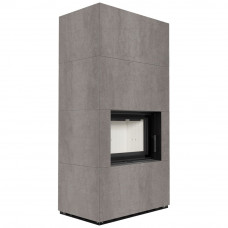 Камин Kratki FLOKI BOX 8 kW Ø 160 в строении из керамогранита NATURALI PIETRA DI SAVOIA GRIGIA BOCCIARDATA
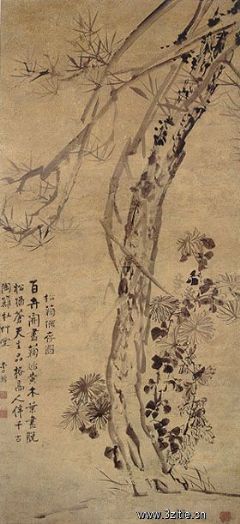 李鱓《松菊犹存图》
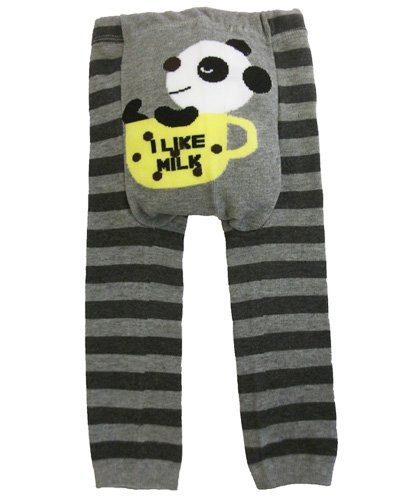 Baby and Toddler Wooly leggings by Dotty Fish boys Grey Perfect Panda - 95cm/24+ months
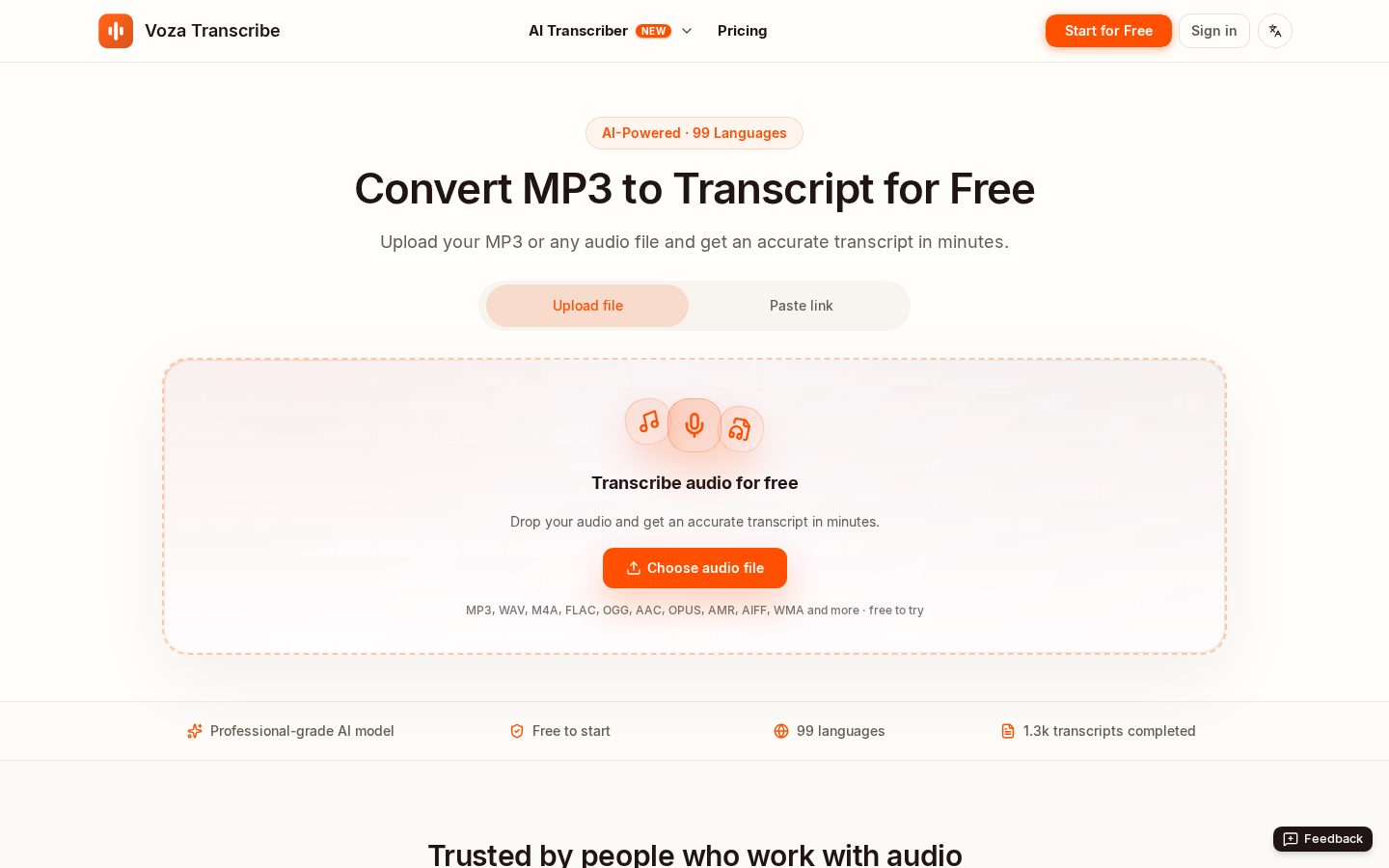MP3 to Transcript-Voza Transcribe Homepage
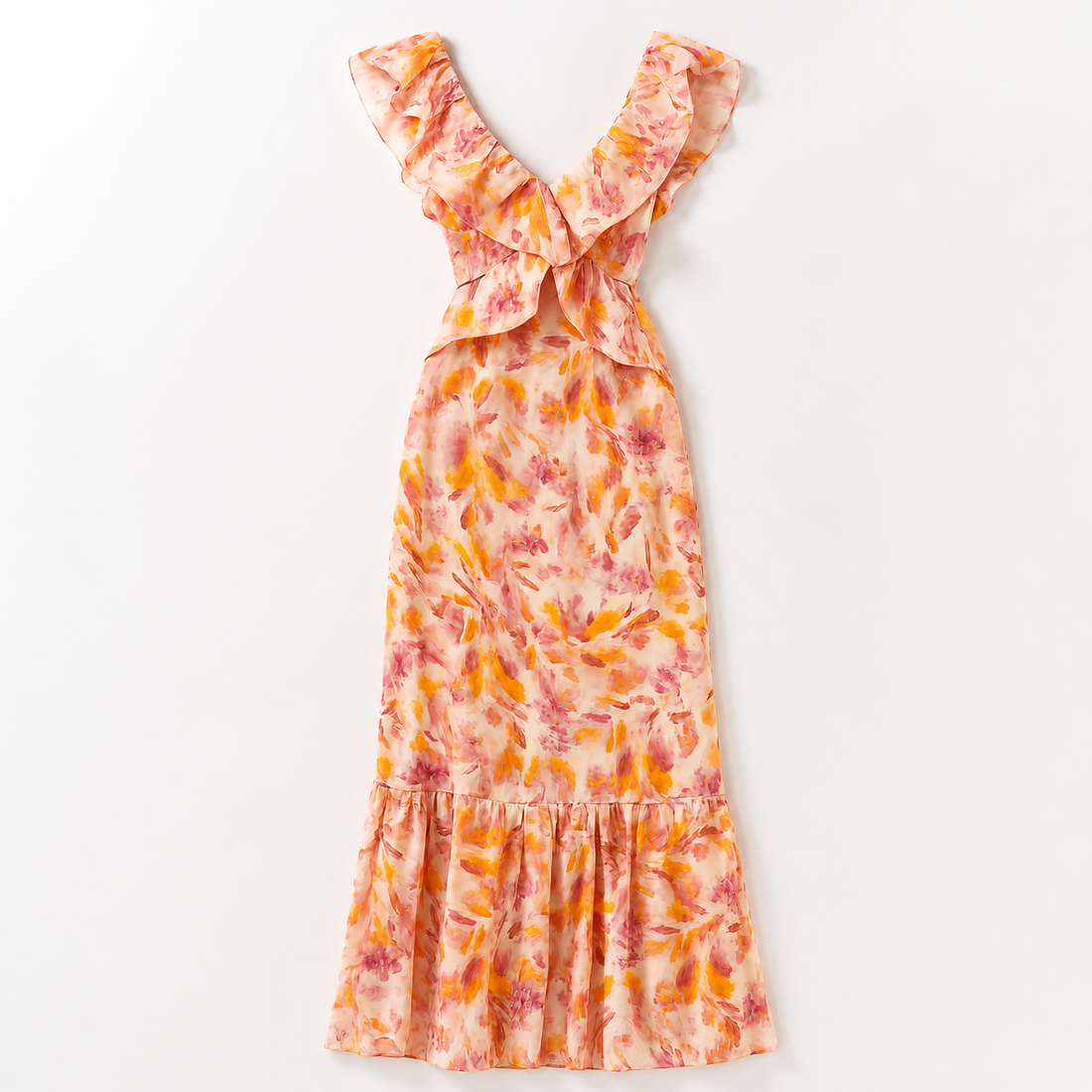 Hazel - Élégante robe à motifs et volants pour femmes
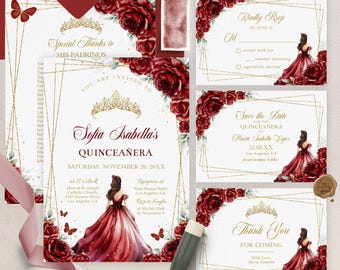 May include: A Quinceañera invitation suite with a red and gold theme. The invitation features a watercolor illustration of a young woman in a red gown with a crown and butterflies. The text reads "Sofia Isabella's Quinceañera" and includes the date and time of the event. The RSVP card features a gold crown and the text "Kindly RSVP by June 12". The save the date card features a gold crown and the text "Save the Date for the Quinceañera of Maria Isabella Lopez 12.05.XX". The thank you card features a gold crown and the text "Thank You for Coming with Love, Maria Isabella".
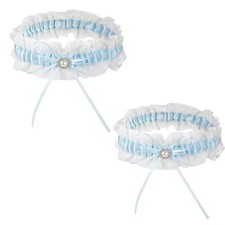 Wedding Garters for Bride 2 Pieces Lace Bridal Garter Set Bride Pearl Stretch...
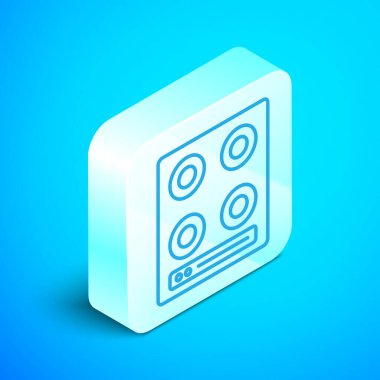 Isometric hattı ocak ikonu mavi arkaplanda izole edildi. Mutfak tabelaları. Dört daire ocağı olan bir hob. Gümüş kare düğme. Vektör.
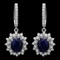 14k Gold 5.5ct Sapphire 1.70ct Diamond Earrings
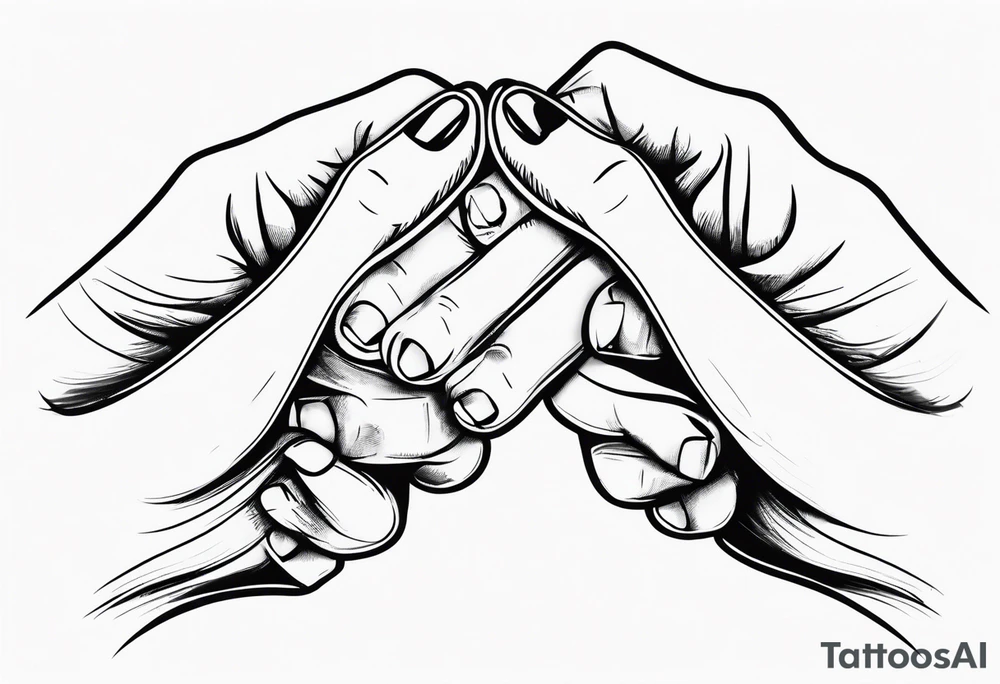 Mom dad family hold hand tattoo idea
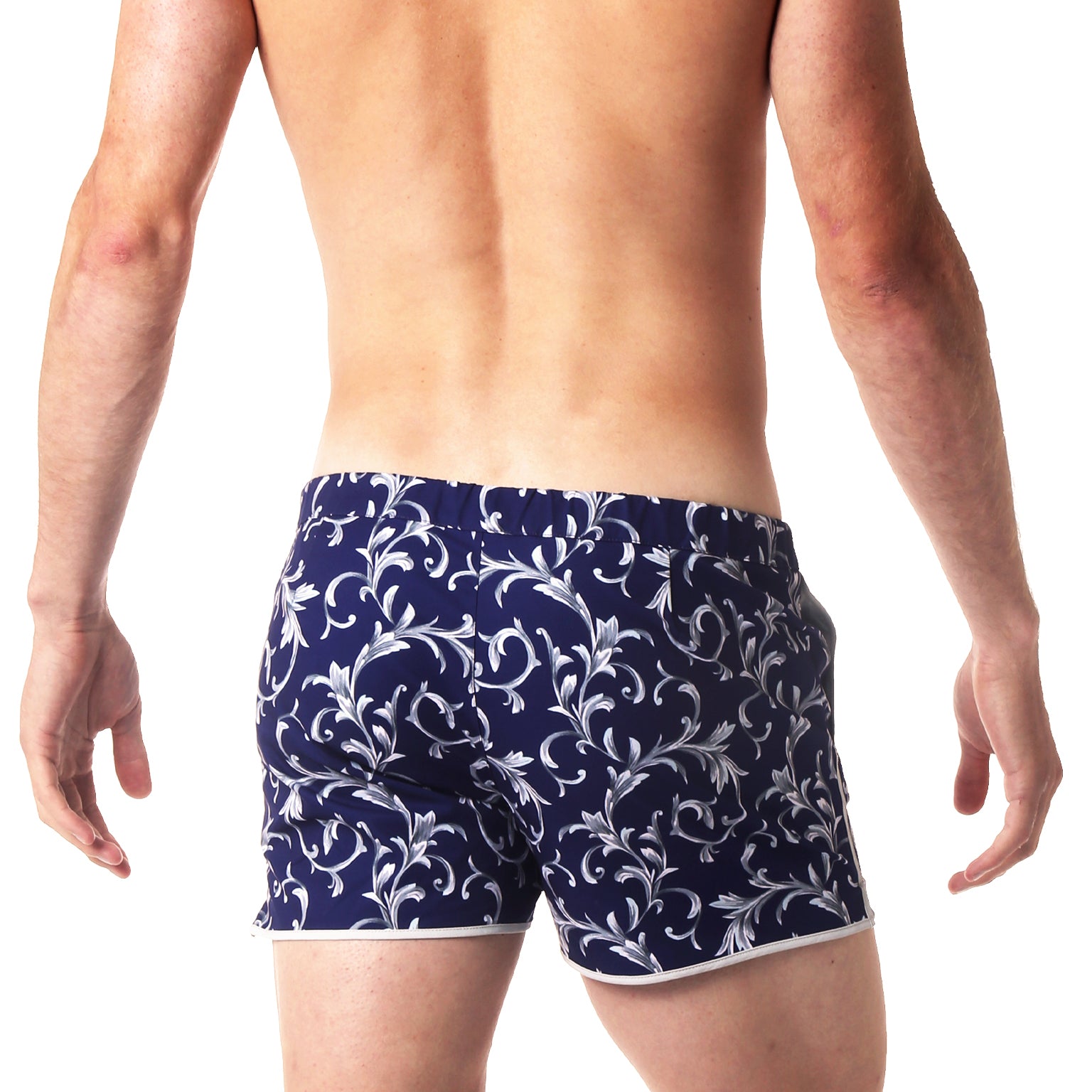 Navy Silver Bernini Print 2" Angeleno Stretch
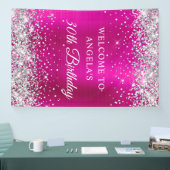 Silver Glitter Hot Pink Folie 30e Verjaardag V Spandoek (Beurs)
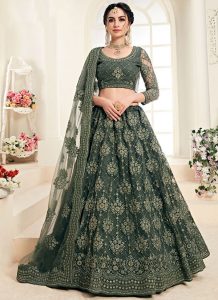 Dark Emerald Designer Wedding Wear Embroidery Lehenga
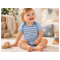 HANS NATUR Baby Body Kurzarm Bio Baumwolle blau-off white 5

YOUR TASK –
The answer must consist only of the lines from the beginning of the entries above through the line that holds "Hazel - Élégante", reproduced exactly and without pictures.

TASK RESPONSE –
 Камин Kratki FLOKI BOX 8 kW Ø 160 в строении из керамогранита NATURALI PIETRA DI SAVOIA GRIGIA BOCCIARDATA
 李鱓《松菊犹存图》
 Baby and Toddler Wooly leggings by Dotty Fish boys Grey Perfect Panda - 95cm/24+ months
MP3 to Transcript-Voza Transcribe Homepage
 Hazel - Élégante robe à motifs et volants pour femmes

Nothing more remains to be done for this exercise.